Author contributions
All named authors meet the International Committee of Medical Journal Editors (ICMJE) criteria for authorship for this article, take responsibility for the integrity of the work as a whole and have given their approval for this version to be published. Author contributions were as follows: design: C.S., Y.T. and S.B.; data collection: C.S., Y.T., S.B., N.Y., W.U., L.L. and T.H.; analysis and manuscript writing: C.S., Y.T., S.B. and K.S. All authors reviewed and approved the final manuscript.
Acknowledgements
We thank Jane Charbonneau DVM from Edanz Group (www.edanzediting.com/ac) for editing a draft of this manuscript.
Previous presentation
Part of this manuscript was presented as a poster presentation (abstract) at the International Diabetes Federation Congress 2019; 2019 Dec 2–6; Busan, South Korea.

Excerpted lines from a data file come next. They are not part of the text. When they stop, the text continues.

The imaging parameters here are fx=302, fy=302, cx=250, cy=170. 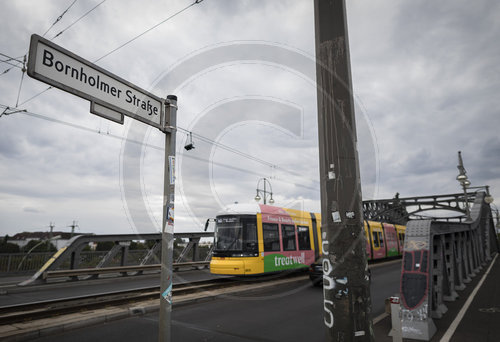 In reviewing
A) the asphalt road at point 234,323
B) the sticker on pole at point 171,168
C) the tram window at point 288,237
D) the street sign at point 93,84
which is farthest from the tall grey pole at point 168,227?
the tram window at point 288,237

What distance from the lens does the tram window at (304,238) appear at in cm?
1486

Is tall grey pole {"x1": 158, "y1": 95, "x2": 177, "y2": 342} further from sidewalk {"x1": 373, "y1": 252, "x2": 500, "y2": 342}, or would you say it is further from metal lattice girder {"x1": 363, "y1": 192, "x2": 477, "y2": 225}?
metal lattice girder {"x1": 363, "y1": 192, "x2": 477, "y2": 225}

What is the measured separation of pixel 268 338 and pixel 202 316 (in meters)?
2.38

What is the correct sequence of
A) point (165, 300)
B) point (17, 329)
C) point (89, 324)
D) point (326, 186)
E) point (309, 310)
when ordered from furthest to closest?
point (309, 310), point (89, 324), point (17, 329), point (165, 300), point (326, 186)

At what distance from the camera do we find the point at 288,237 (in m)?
14.1

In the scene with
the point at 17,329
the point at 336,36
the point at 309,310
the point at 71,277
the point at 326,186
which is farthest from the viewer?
the point at 71,277

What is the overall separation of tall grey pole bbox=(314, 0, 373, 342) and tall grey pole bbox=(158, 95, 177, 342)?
5.40 ft

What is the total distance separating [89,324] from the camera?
675 centimetres

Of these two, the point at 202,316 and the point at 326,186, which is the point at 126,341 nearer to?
the point at 202,316

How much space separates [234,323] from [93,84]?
5.93 meters

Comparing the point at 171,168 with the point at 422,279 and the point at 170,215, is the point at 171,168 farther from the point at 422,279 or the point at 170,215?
the point at 422,279

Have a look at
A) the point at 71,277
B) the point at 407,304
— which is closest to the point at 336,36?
the point at 407,304

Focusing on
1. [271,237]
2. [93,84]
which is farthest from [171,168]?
[271,237]

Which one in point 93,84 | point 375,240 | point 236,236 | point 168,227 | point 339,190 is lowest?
point 375,240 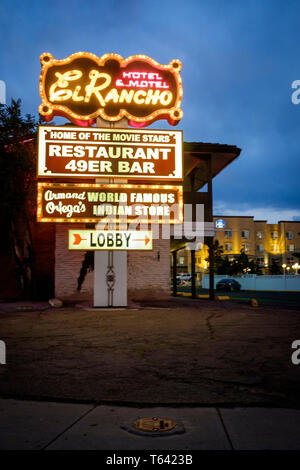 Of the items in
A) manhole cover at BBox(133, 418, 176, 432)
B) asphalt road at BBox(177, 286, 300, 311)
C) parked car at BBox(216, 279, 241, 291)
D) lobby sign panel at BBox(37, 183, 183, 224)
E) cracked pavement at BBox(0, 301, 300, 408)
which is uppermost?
lobby sign panel at BBox(37, 183, 183, 224)

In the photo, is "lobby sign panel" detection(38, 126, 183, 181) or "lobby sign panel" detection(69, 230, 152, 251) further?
"lobby sign panel" detection(38, 126, 183, 181)

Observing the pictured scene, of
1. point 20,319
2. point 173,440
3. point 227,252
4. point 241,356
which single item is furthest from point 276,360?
point 227,252

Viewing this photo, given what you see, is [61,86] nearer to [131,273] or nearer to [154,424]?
[131,273]

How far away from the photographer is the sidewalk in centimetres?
302

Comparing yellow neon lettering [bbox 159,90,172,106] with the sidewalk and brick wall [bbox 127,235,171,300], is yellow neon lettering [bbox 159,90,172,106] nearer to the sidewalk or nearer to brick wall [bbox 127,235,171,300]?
brick wall [bbox 127,235,171,300]

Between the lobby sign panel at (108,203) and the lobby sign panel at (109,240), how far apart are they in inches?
17.0

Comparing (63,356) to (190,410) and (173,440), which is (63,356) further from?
(173,440)

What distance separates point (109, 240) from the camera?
1377 cm

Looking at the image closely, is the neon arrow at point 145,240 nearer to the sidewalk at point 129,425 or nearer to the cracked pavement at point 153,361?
the cracked pavement at point 153,361

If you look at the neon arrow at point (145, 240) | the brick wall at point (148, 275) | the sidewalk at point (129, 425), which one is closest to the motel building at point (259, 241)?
the brick wall at point (148, 275)

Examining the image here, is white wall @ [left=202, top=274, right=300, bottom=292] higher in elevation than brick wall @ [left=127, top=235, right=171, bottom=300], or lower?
lower

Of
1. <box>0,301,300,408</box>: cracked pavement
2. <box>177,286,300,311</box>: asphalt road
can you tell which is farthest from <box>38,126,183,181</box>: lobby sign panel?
<box>177,286,300,311</box>: asphalt road

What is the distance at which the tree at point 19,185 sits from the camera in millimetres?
16938

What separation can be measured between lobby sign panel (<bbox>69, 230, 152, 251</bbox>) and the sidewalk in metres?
9.71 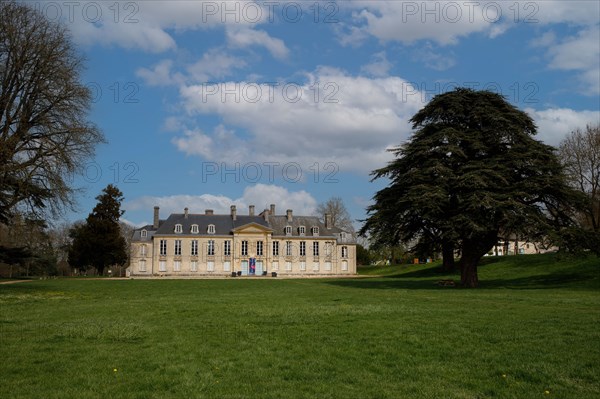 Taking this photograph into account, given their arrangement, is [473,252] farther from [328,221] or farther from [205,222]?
[205,222]

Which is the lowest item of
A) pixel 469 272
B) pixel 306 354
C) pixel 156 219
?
pixel 306 354

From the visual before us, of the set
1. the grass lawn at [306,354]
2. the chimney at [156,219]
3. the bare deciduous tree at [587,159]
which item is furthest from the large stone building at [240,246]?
the grass lawn at [306,354]

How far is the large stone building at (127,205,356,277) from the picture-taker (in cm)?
7312

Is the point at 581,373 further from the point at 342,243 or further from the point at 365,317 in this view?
the point at 342,243

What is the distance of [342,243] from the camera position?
3061 inches

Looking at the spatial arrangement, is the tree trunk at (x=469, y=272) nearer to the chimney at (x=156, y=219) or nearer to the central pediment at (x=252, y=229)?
the central pediment at (x=252, y=229)

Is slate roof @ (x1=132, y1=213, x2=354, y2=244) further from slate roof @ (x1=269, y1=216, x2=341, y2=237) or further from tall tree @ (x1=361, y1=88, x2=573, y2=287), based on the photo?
tall tree @ (x1=361, y1=88, x2=573, y2=287)

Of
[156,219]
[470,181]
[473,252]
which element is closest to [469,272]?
[473,252]

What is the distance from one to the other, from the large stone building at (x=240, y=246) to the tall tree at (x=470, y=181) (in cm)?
4439

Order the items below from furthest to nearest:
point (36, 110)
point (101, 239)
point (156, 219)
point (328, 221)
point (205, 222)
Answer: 1. point (328, 221)
2. point (205, 222)
3. point (156, 219)
4. point (101, 239)
5. point (36, 110)

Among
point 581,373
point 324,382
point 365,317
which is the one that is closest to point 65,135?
point 365,317

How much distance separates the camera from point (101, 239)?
67.0m

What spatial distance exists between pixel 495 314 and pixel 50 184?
19.8 m

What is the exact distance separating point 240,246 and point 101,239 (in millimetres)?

Compliance with ethics guidelines
The study was approved by the Ethical Committee from each participating medical center. The study was conducted in accordance with the principles of the Declaration of Helsinki and Good Clinical Practice guidelines. As the study only used existing data in the databases, written informed consent was not required. Clinical trial registration was not required for this study because it was not a prospective study and did not involve any intervention.